(The records)
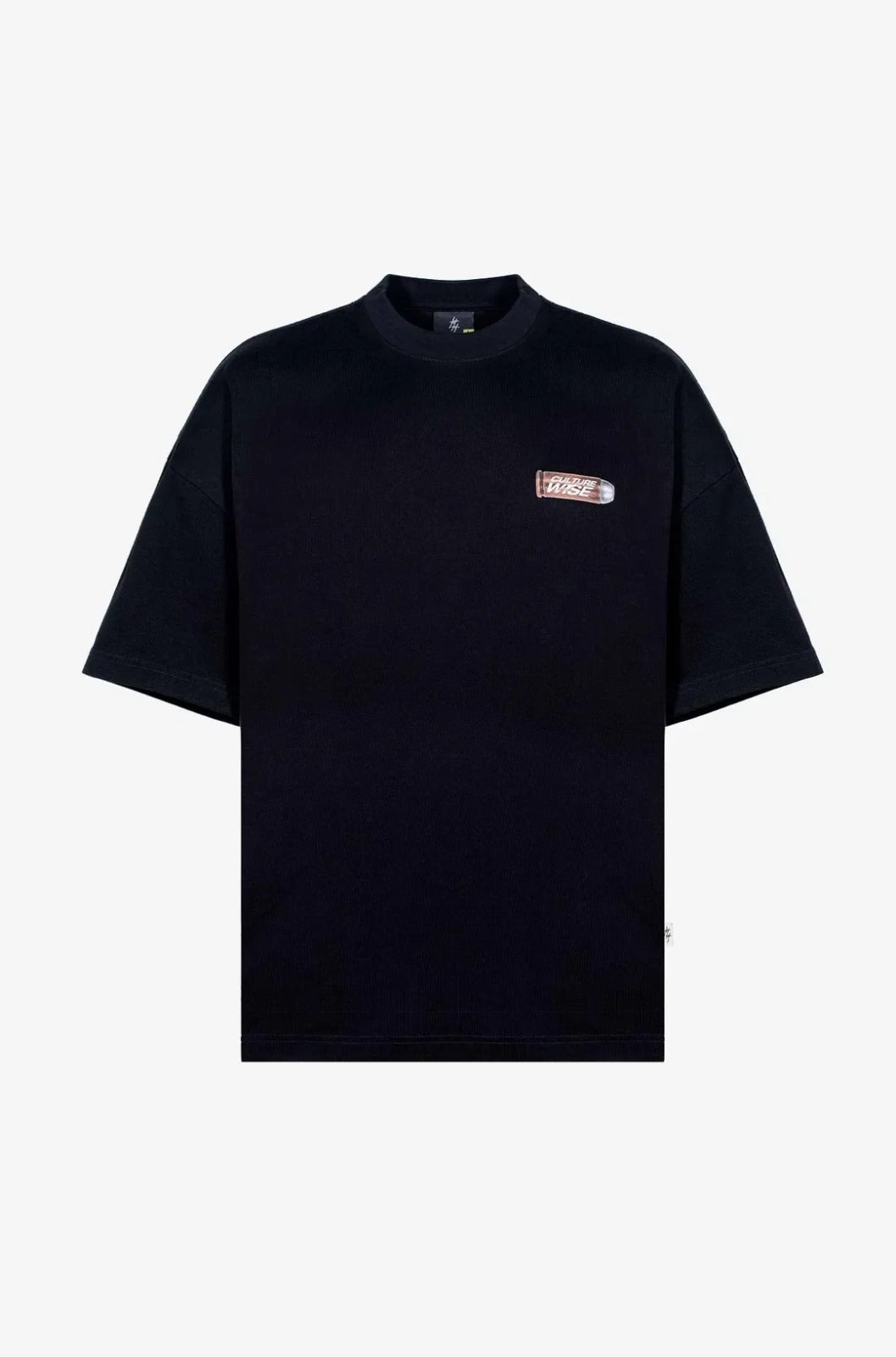 CWQ9-OBAL - CAMISETA NEGRA BALA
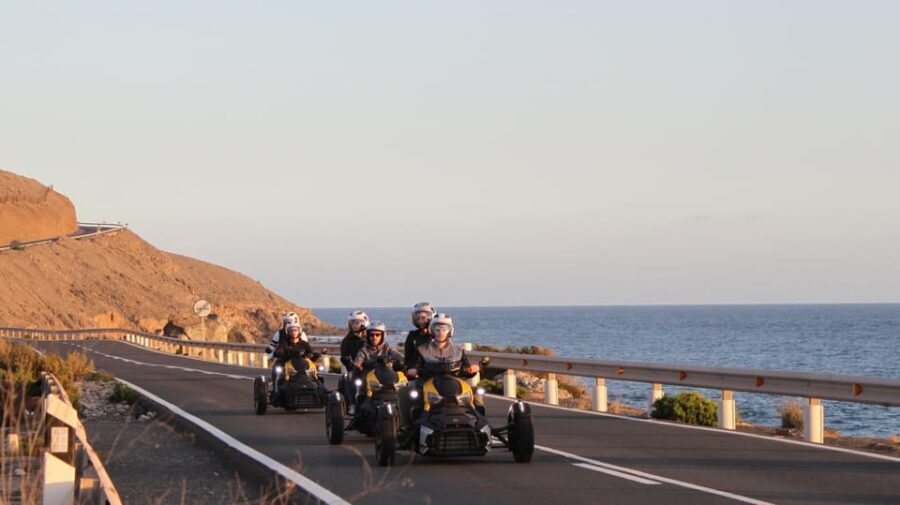 Can-am Ryker moto / buggy / quad Tour: Coast (Maspalomas) - The Sunset Above Amadores Beach: Why This Stop Works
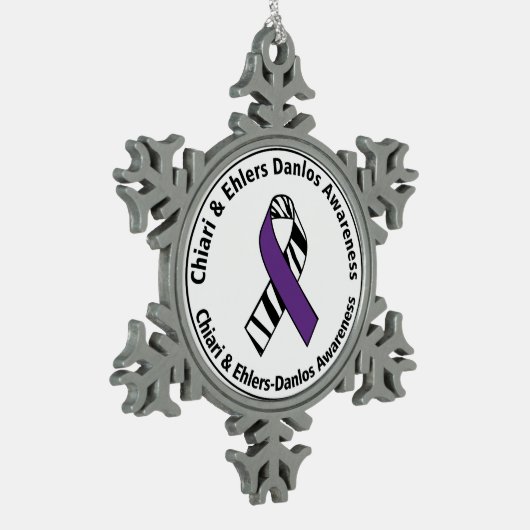 Chiari en Ehlers Danlos Awareness Ribbon Ornament (Links)
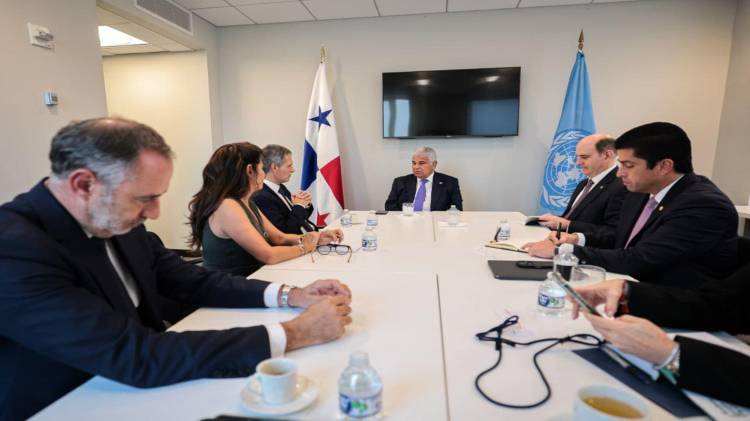 Este martes 23 de septiembre, Mulino llevó a cabo una reunión con los representantes de CMA CGM SA.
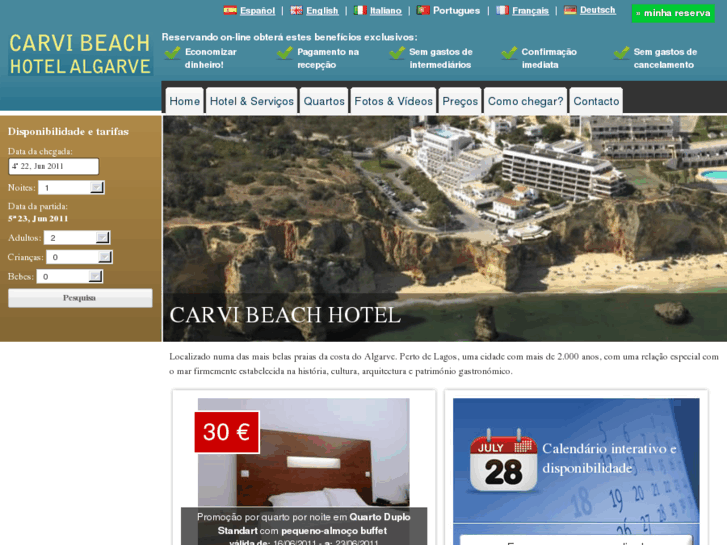 www.carvibeachhotel.com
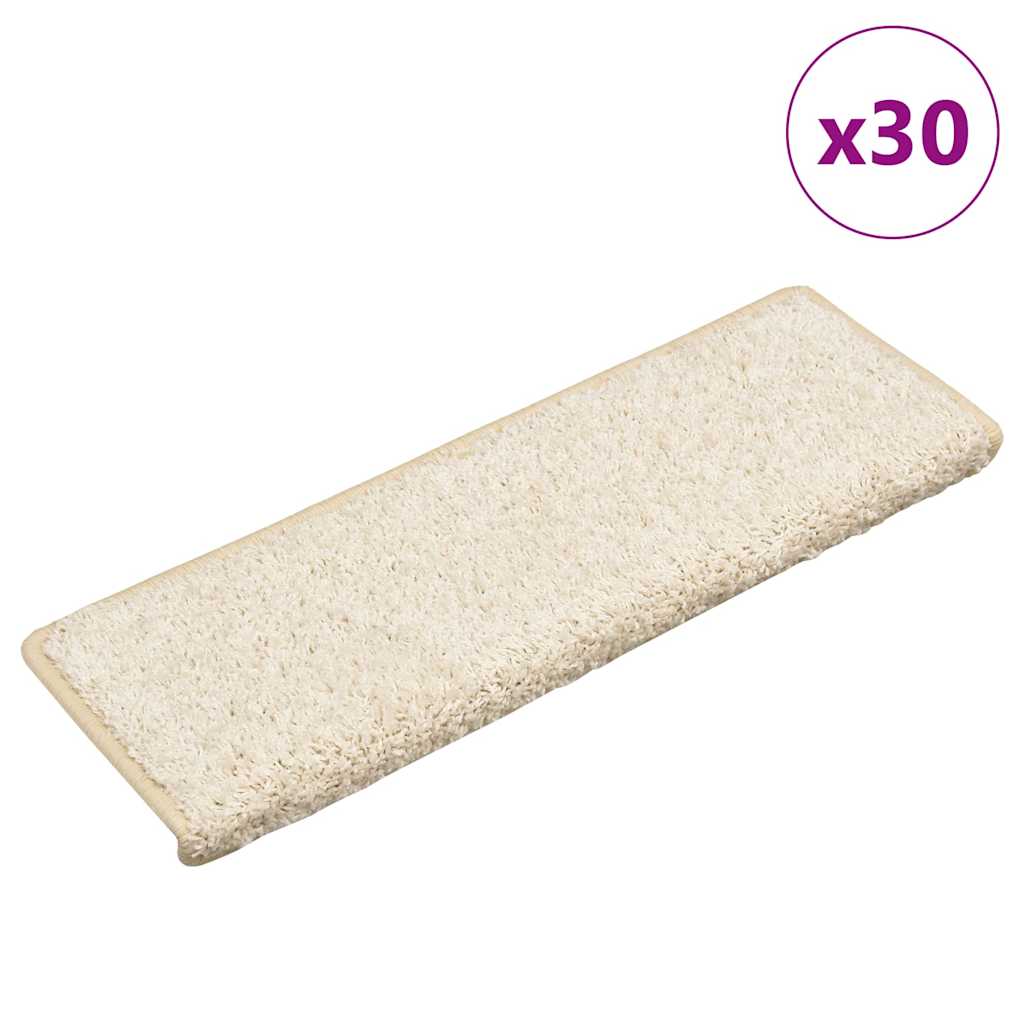 vidaXL Covorașe pentru scări, 30 buc., 65x21x4 cm, margini dreptunghiulare, albe vidaXL Covorașe pentru scări, 30 buc., 65x21x4 cm, margini dreptunghiulare, albe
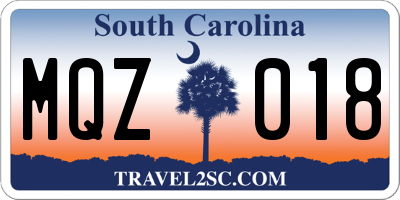 SC license plate MQZ018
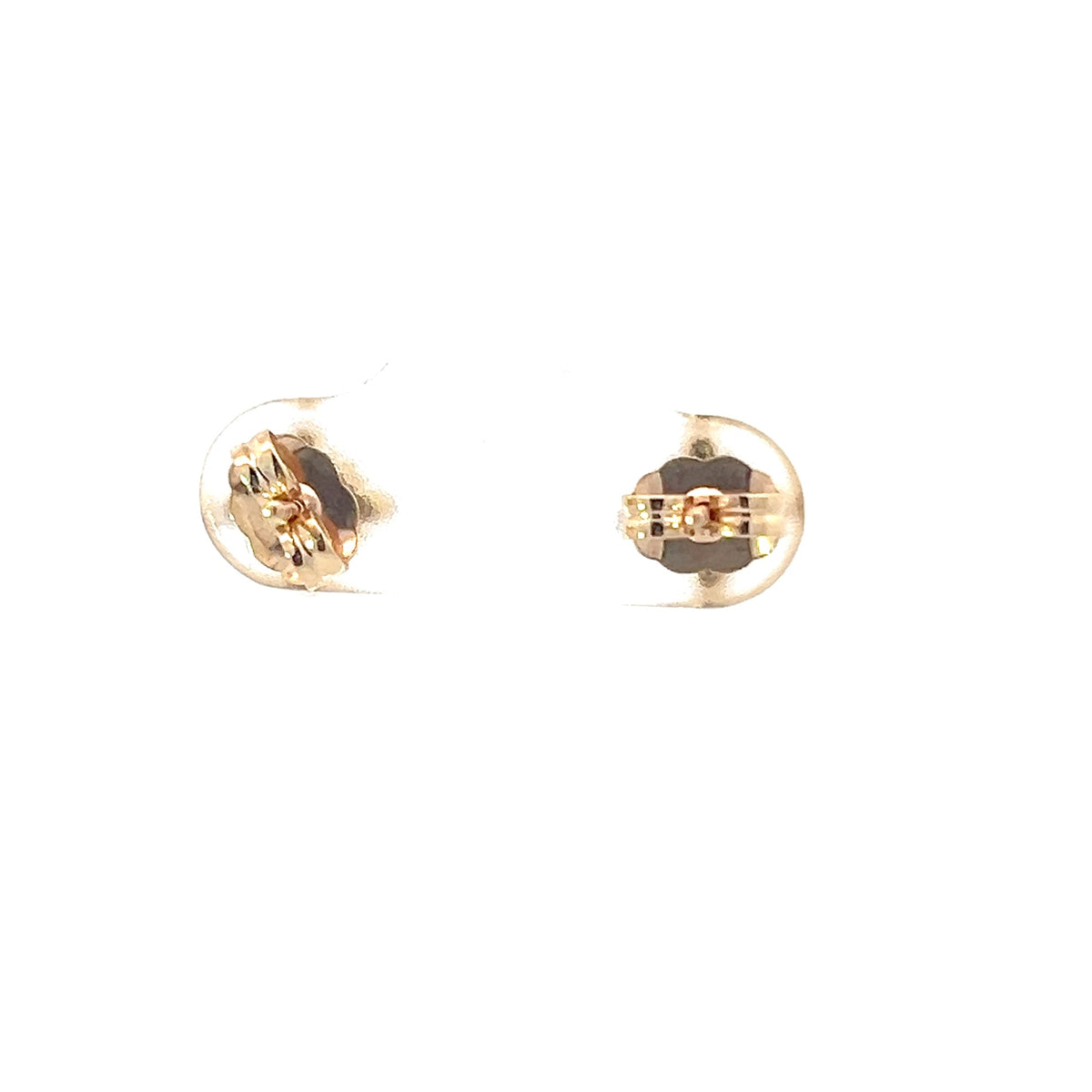TRACKING - 10K Yellow Gold Peridot and Diamond Earrings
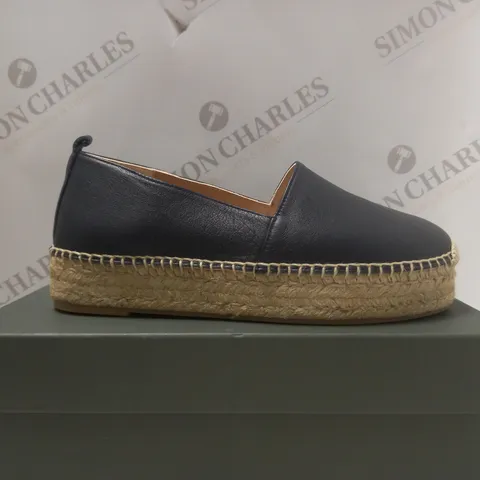BOXED HOBBS ALICIA ESPADRILLE IN NAVY - SIZE 4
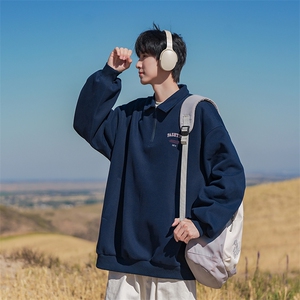 B225-A6459-P55-X69    -POLO衫印花卫衣-100聚酯纤维图片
(End The records)
### [Task details]
Give back the lines from the one containing "www.carvibeachhotel.com" through the last line of the records above exactly as they appear, both included, and no pictures.

### [Task response]
 www.carvibeachhotel.com
 vidaXL Covorașe pentru scări, 30 buc., 65x21x4 cm, margini dreptunghiulare, albe vidaXL Covorașe pentru scări, 30 buc., 65x21x4 cm, margini dreptunghiulare, albe
 SC license plate MQZ018
TRACKING - 10K Yellow Gold Peridot and Diamond Earrings
BOXED HOBBS ALICIA ESPADRILLE IN NAVY - SIZE 4
 B225-A6459-P55-X69    -POLO衫印花卫衣-100聚酯纤维图片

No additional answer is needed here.